The structured document of the embodiment comprises a category field and a text content field; each record in the structured document stores information about a key field in the document picture.

For example, converting the ticket shown in FIG. 4 into a structured document is shown in Table 2:

TABLE 2

The embodiment provides a method and a terminal for creating a structured document based on a deep learning model, which are different from the prior art that a field positioning task is simplified into the process of intercepting an image corresponding to a field from a fixed position in the image. According to the document structuring method provided by the invention, the key field can be arranged at any position on the document picture, so that the category and the text content of the key field can be correctly identified and matched in an application scene that the document picture is stored in a computer or the like in a scanning or photographing mode and the position of the key field is easy to deviate in the document picture, and the accuracy of converting the document picture into the structured document is improved. Meanwhile, for document pictures with various layout versions but the same substantial content, the positions of key fields of various types can be recognized by using the same model, and the situation that one layout version needs to be matched by using a set of special key field position information like the prior art is not needed, so that resources are greatly saved, and the efficiency and the accuracy of converting the document pictures into the structured documents are improved. Compared with the existing manual scheme and fixed position character recognition scheme, the method and the device can greatly improve the speed and accuracy of creating the structured document, reduce the cost of the structured document creation system, facilitate the increase of the scale of the structured document creation system and support more users.

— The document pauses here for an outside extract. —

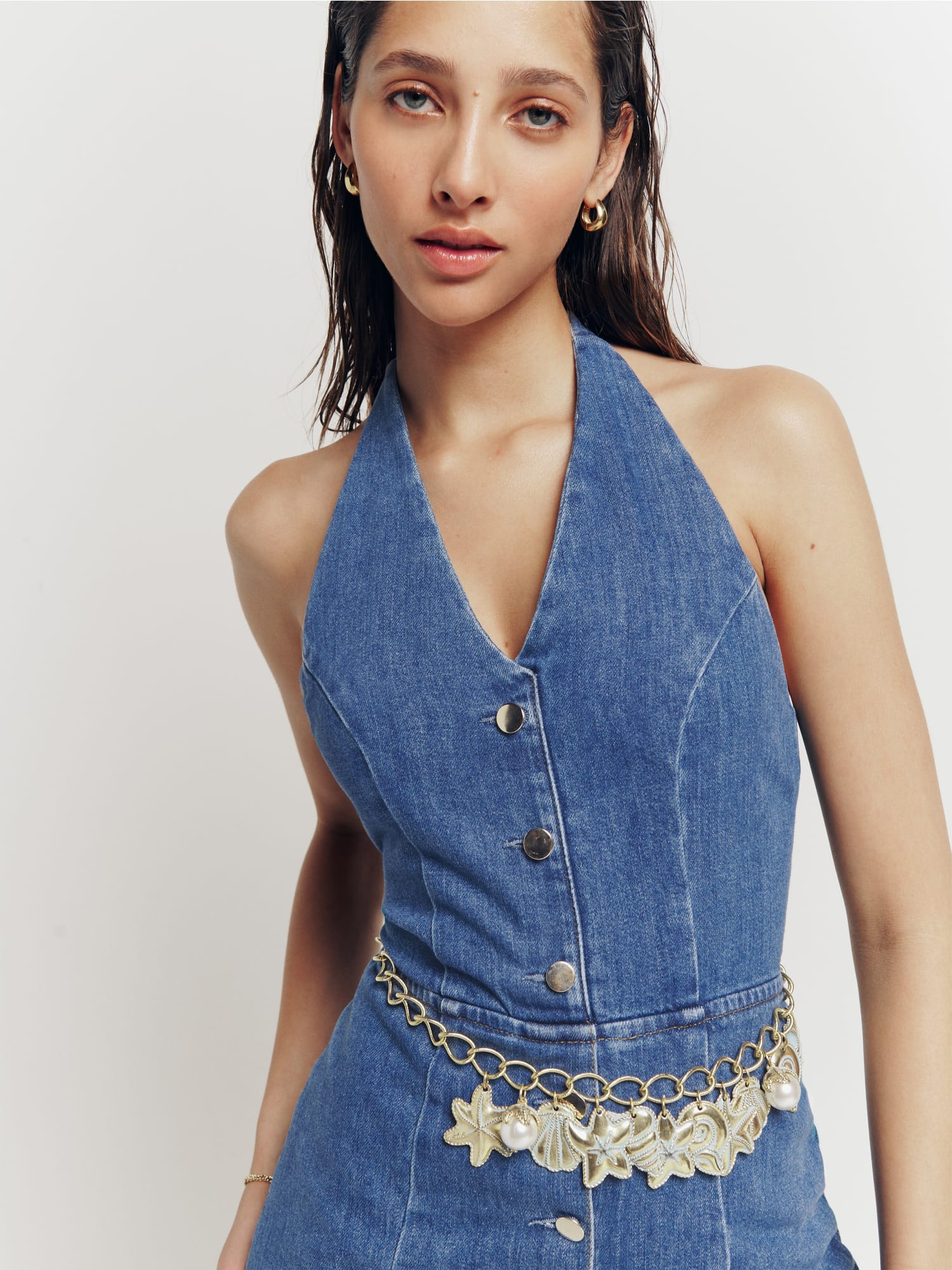Pamela Halter Denim Mini Dress | Reformation (Global)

The above description is only an embodiment of the present invention, and not intended to limit the scope of the present invention, and all modifications of equivalent structures and equivalent processes performed by the present specification and drawings, or directly or indirectly applied to other related technical fields, are included in the scope of the present invention.

Claims

1. A method for creating a structured document based on a deep learning model is characterized by comprising the following steps:

s1, presetting a training sample set; collecting 1000 bill pictures, and processing the bill pictures to be used as samples; each sample in the training sample set comprises a document picture and a labeled document corresponding to the document picture; the annotation document records the position information and the category information of each key field in the document picture;

s4, creating a structured document corresponding to the first document picture according to the position information and the category information of each key field in the first document picture;

the S4 specifically comprises the following steps:

s45, repeatedly executing S41 to S44 until each key field corresponding to the first document picture is traversed;

the S2 specifically comprises the following steps:

s21, distributing a unique number for each category of information;

and S26, repeatedly executing S22 to S25 until the error value is smaller than a preset threshold value to obtain the second deep learning model, wherein the structure of the second deep learning model adopts a convolutional neural network, a long-time and short-time memory network and a CTC structure.

2. The deep learning model-based method for creating a structured document according to claim 1, wherein the first deep learning model is used for object detection.

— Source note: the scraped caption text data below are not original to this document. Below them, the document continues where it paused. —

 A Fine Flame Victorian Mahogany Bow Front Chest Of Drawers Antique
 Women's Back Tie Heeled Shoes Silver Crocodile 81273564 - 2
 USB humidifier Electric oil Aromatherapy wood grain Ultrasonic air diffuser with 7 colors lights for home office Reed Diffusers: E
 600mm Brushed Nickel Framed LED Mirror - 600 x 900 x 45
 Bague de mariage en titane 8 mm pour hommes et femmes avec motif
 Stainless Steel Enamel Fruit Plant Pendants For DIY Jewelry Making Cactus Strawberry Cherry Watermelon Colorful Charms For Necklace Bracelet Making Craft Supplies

3. A deep learning model-based terminal for creating structured documents, comprising one or more processors and memory, the memory storing a program and configured to perform the following steps by the one or more processors:

the S4 specifically comprises the following steps:

the S2 specifically comprises the following steps:

s21, distributing a unique number for each category of information;

4. The deep learning model-based terminal for creating structured documents according to claim 3, wherein the first deep learning model is used for target detection.